Pub Date: June 1st, 2022
ISBN: 978-1-63988-282-3
Publisher: Atmosphere Press

An intimate biography of an acclaimed Native American artist.

After a mutual friend introduced Keating to the painter Poteet Victory, the novelist knew he had to tell the man’s life story. This lengthy, comprehensive book details a life that recalls the stories of Horatio Alger. Victory, who has Cherokee and Choctaw ancestry, grew up on skid row in Idabel, Oklahoma; he was often left on his own and worked at rodeos as a young teenager. Fortuitously, the young cowboy befriended the painter Harold Stevenson, a contemporary of Andy Warhol whose male nudes shocked the arts scene of the early 1960s. Stevenson used the 30-something Victory as the model for a heralded series of paintings and served as a mentor in the artist’s early career. Stevenson helped him hone the skills of the trade and opened doors for his fellow Oklahoma native in New York City’s elite art world. In three decades as a successful artist in his own right, Victory has earned international acclaim for a style that blends Native American motifs with his interests in mythology, neuroscience, and meditation. Keating skillfully retells the harrowing, glamorous, and occasionally humorous events of Victory’s life with salient details.
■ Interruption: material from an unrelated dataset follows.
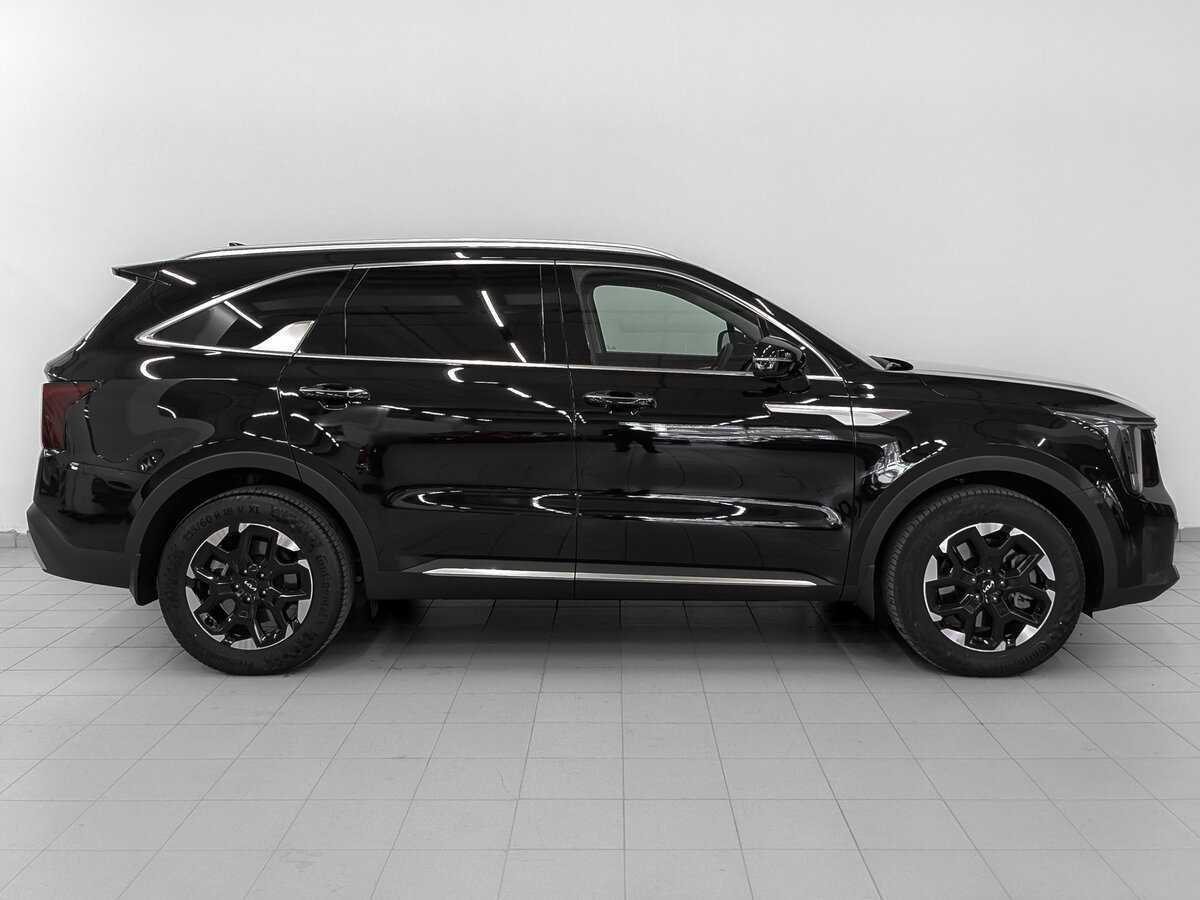 Купить Kia Sorento с пробегом. Фото: #3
He tells of joining Victory’s “spiritual journey” through his conversations with his subject and shows sensitivity to the internal conflicts and philosophical concepts that are central to Victory’s art. He also pays special attention to the role of the artist’s wife, Terry, in his life. Based primarily on recorded interviews with the couple, the book sometimes comes off as hagiographic; it also lacks formal citations and doesn’t present significant outside research on Victory’s life. In addition, it unusually blurs the line between fact and fiction by introducing made-up characters (a successful movie producer named Elliott, who stands in for the author, and his research assistant) to help drive the narrative, noting that Keating “wanted the book to be factual and authentic but also entertaining.” These, unfortunately, come across as gimmicks in a book about a life that needs no such embellishment.

An often engaging, if unevenly executed, biography of a contemporary artist.